Stored data section start

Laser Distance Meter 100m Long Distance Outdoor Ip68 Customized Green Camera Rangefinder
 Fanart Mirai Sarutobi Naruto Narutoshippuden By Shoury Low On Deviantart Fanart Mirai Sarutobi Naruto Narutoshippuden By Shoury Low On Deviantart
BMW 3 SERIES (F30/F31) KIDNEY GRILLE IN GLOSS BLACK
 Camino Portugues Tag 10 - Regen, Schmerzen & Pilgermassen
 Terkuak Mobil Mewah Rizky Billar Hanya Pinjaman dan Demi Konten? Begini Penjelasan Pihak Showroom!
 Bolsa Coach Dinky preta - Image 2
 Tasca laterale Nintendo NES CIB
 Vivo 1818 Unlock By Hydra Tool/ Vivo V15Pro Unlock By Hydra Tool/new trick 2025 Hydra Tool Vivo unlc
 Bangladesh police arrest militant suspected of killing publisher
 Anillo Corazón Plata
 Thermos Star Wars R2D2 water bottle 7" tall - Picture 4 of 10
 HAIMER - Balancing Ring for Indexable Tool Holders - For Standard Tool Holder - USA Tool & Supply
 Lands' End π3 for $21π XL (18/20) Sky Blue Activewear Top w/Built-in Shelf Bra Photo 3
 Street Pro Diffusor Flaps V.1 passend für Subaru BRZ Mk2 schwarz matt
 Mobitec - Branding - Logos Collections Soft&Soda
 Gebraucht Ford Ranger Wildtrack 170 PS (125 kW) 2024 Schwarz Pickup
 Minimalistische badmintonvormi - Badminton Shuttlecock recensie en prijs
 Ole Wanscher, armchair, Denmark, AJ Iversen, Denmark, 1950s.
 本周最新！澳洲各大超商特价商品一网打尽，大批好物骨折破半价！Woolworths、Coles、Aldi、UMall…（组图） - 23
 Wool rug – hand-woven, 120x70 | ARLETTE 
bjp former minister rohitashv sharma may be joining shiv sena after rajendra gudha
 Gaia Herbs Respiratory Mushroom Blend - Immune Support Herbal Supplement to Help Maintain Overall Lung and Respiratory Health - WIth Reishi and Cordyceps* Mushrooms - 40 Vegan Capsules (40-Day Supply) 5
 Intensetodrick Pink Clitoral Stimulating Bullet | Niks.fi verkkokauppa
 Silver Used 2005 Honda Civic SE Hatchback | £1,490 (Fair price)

Stored data section end

In the listing above, find the line with "Tasca laterale Nintendo NES CIB" and the line with "Mobitec - Branding", then reproduce both and every line between them exactly.

 Tasca laterale Nintendo NES CIB
 Vivo 1818 Unlock By Hydra Tool/ Vivo V15Pro Unlock By Hydra Tool/new trick 2025 Hydra Tool Vivo unlc
 Bangladesh police arrest militant suspected of killing publisher
 Anillo Corazón Plata
 Thermos Star Wars R2D2 water bottle 7" tall - Picture 4 of 10
 HAIMER - Balancing Ring for Indexable Tool Holders - For Standard Tool Holder - USA Tool & Supply
 Lands' End π3 for $21π XL (18/20) Sky Blue Activewear Top w/Built-in Shelf Bra Photo 3
 Street Pro Diffusor Flaps V.1 passend für Subaru BRZ Mk2 schwarz matt
 Mobitec - Branding - Logos Collections Soft&Soda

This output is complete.